Fault injection is a way to test systems to see how they respond to faults in memory or elsewhere (see also an upcoming post on that topic). Fault injection can be performed in hardware (e.g., by exposing a hardware circuit to a radiation source or by using hardware test features to modify bit values), or injected via software means (e.g., slightly modifying software to permit flipping bits in memory to simulate a hardware fault). In a research paper, Vinter used a hybrid hardware/software fault injection technique to corrupt bits in a computer running an automotive-style engine control application. The conclusions of this paper start by saying: “We have demonstrated that bit-flips inside a central processing unit executing an engine control program can cause critical failures, such as permanently locking the engine’s throttle at full speed.” (Vinter 2001).

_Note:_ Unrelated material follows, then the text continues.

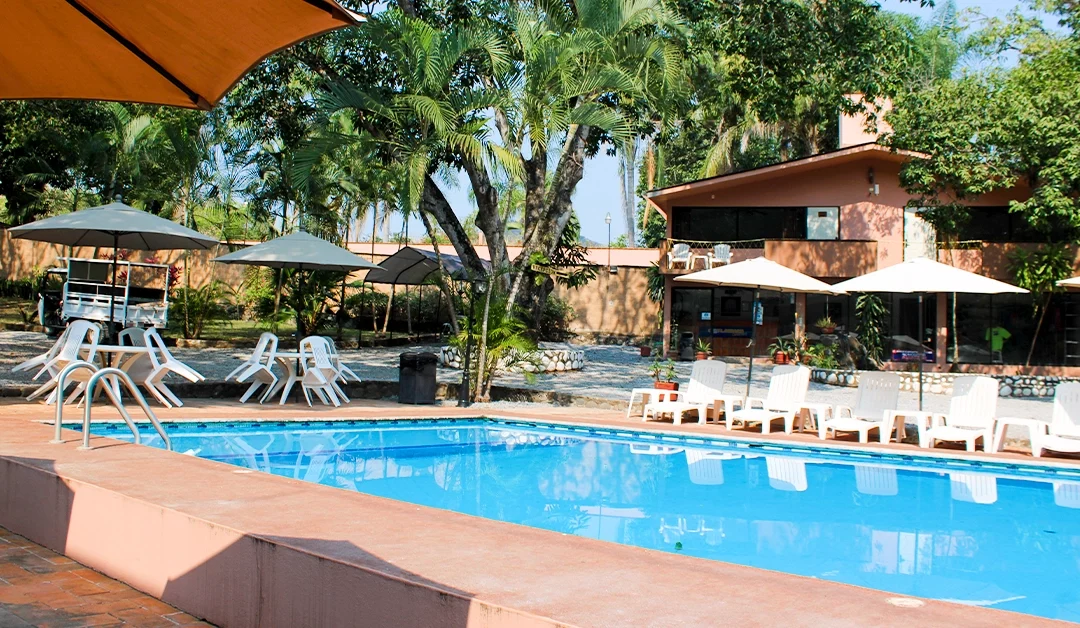 Escapada grupal con hospedaje y aventura en Jalcomulco — Cotlamani Hotel Aventura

Fault injection remains a preferred technique for determining whether there are data corruption vulnerabilities that can result in unsafe system behavior.

References:
  • Brown, D., “Solving the software safety paradox,” Embedded System Programming, December 1998, pp. 44-52.
  • Kleidermacher, D. & Griglock, M., Safety-Critical Operating Systems, Embedded Systems Programming, Sept. 2001, pp. 22-36.
  • Seeger, M., Fault-Tolerant Software Techniques, SAE Report 820106, International Congress & Exposition, Society of Automotive Engineers, 1982, pp. 119-125.
  • Stepner, D., Nagarajan, R., & Hui, D., Embedded application design using a real-time OS, Design Automation Conference, 1999, pp. 151-156.
  • Vinter, J., Aidemark, J., Folkesson, P. & Karlsson, J., Reducing critical failures for control algorithms using executable assertions and best effort recovery, International Conference on Dependable Systems and Networks, 2001, pp. 347-356.